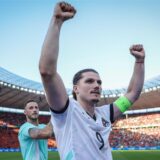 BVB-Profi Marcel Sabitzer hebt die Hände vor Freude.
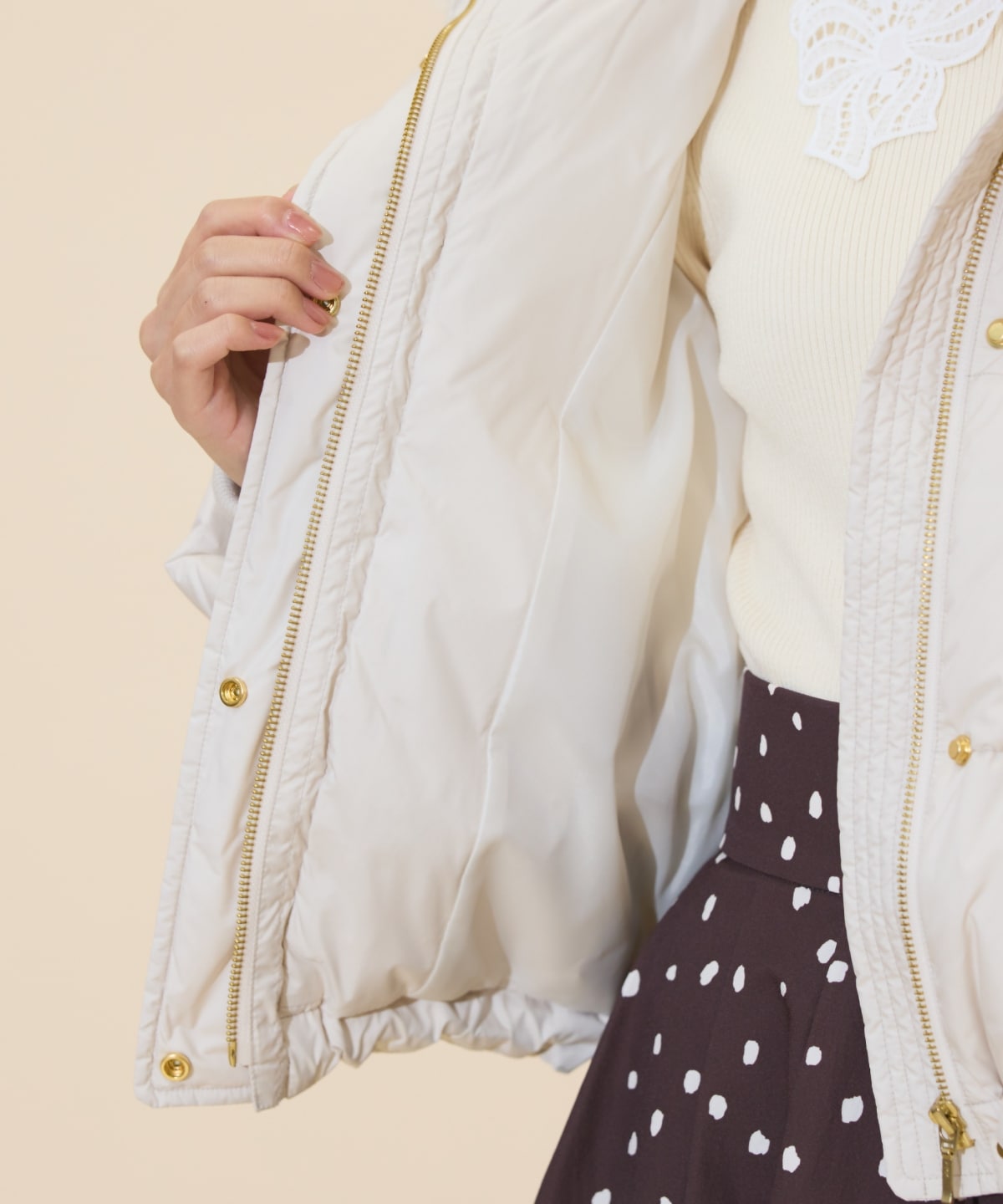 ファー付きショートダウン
* * *
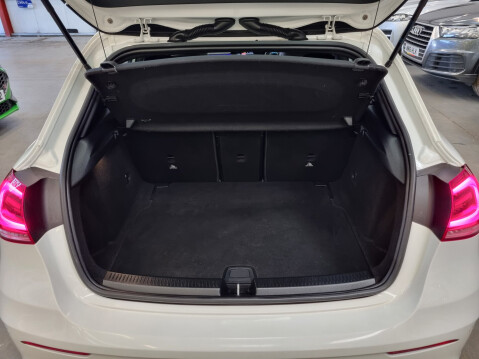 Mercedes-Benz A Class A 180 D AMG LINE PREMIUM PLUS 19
* * *
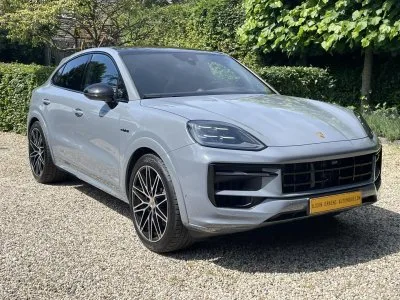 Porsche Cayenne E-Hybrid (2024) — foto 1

*The task*
Beginning with the line above that contains "BVB-Profi Marcel Sabitzer" and finishing with the line that contains "ファー付きショートダウン", print those lines exactly and only. Skip all pictures.

*Response to the exercise*
 BVB-Profi Marcel Sabitzer hebt die Hände vor Freude.
 ファー付きショートダウン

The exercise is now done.